Véraza is amper een twintigtal huizen groot en telt volgens de laatste statistieken 37 bewoners. Reeds in de prehistorie was er hier een nederzetting en in de buurt zijn de overblijfsels van een Romeinse heirbaan teruggevonden. Een oplettende bezoeker merkt ook zonder deze informatie al snel op dat deze site reeds lang geleden tot stand kwam; er is van een stratenplan amper sprake en het vroeg middeleeuwse kerkje staat op een strategisch interessante plaats, naar verluidt op de grondvesten van een nog veel ouder bouwwerk. De klokken hangen in nissen in een stuk muur die boven het dak uitsteekt. Inderdaad, Spanje ligt hier niet veraf…
Ondanks het feit dat het dorpje op een helling ligt zijn er her en der moestuintjes aangelegd en hier en daar steekt een fruitboom fier de kop op. Tussen de oude huizen door lopend ontdekken we oude, gammele schuren waarvan de inhoud ons nieuwsgierig maakt. In de ene schuur zien we een oude R4 vanachter de rommel uitsteken en net om de hoek lopen we bijna pal op een heel oude tractor. Wie weet wat er allemaal aan schatten in die huizen en schuren ligt… we zullen het nooit weten want op enkele kippen en een oude man na lijkt het gehucht deze morgen uitgestorven.

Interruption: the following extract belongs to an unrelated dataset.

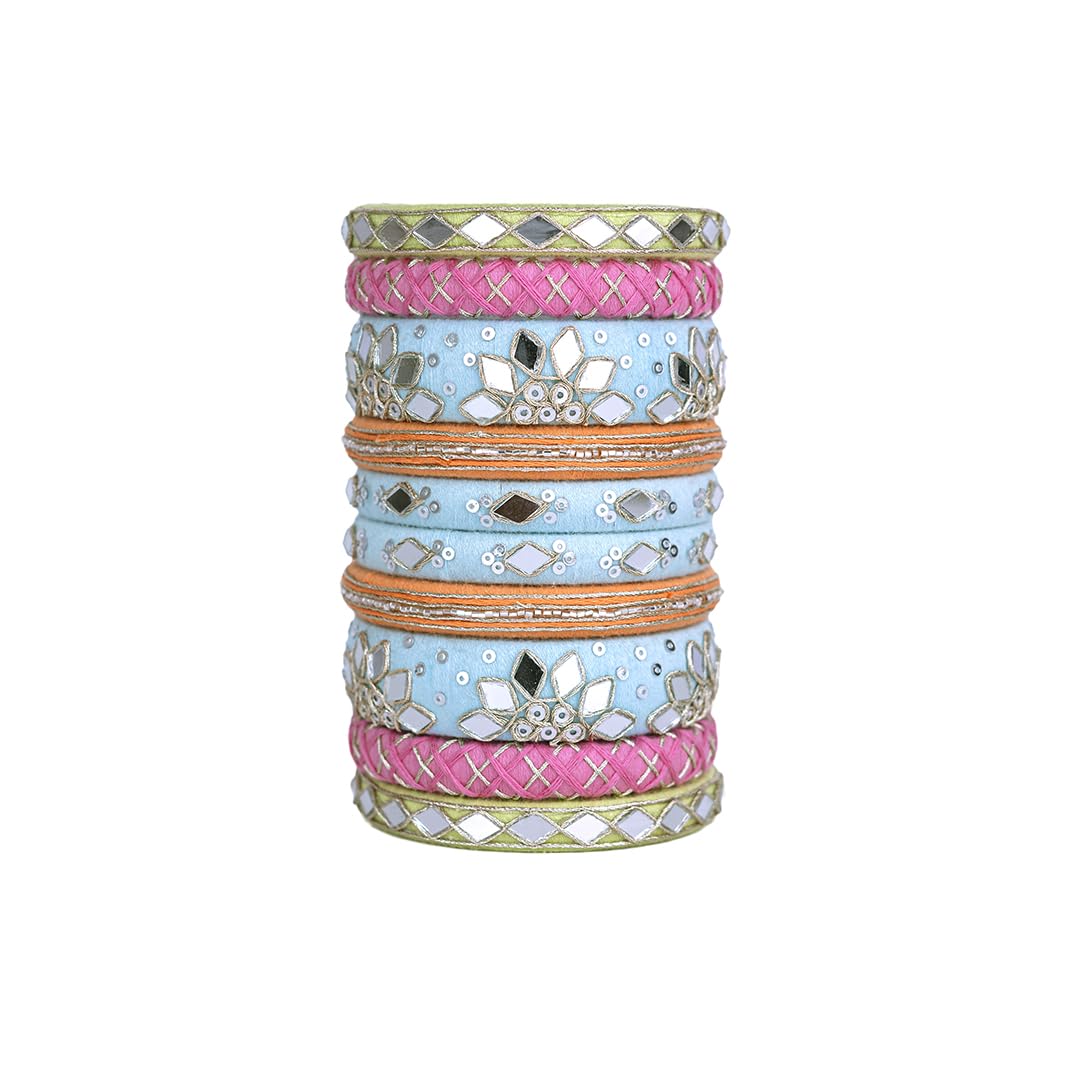 Taasha Craft Ranjana pastel multicolor mirror work Bangles, Handcrafted Cotton Thread Bangle Set forWomen & Girls Size 2.8 Set of (10 Bangles) (B0D9BY26YX) Amazon Price History, Amazon Price Tracker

Als we het kerkje naderen worden we plots vergast op een watergordijn. In de grond zit een automatisch sproeisysteem verstopt dat het gras voor de kerk van het nodige vocht moet voorzien. Fris afgespoeld bereiken we het robuust uitziende kerkgebouw. De eigenaar van de gite waar we verblijven heeft de sleutel van de kerk en die komt ons nu goed van pas. We zijn verrast door wat we zien eens we binnen staan. Het interieur is heel netjes, de muren uit natuursteen zijn strak gevoegd, het dak is duidelijk heel recent en de vrolijke, frisse kleuren van de muurschilderingen lijken pas gisteren aangebracht. Eén ding is zeker: deze kleine gemeenschap zorgt duidelijk goed voor zijn kerkje… wat beslist geen alledaags gegeven is in Frankrijk!
Wie rust en authenticiteit zoekt vindt die volop in Véraza. Er is geen café, er is zijn geen winkels en je moet niet schrikken als je er een jachtgeweer hoort afgaan en je enkele minuten later de schutter met zijn geweer over de arm en zijn buit in de hand door het dorpje ziet slenteren. Maar de mensen zijn er vriendelijk, de natuur gezapig en de pompoenen enorm. De kabeltelevisie en het internet werken er feilloos en als je op de juiste plaats staat kan je zelfs met je GSM het thuisfront bellen. Twee keer in de week komt de bakker langs en verder zijn de straathonden de enigen die er de rust verstoren…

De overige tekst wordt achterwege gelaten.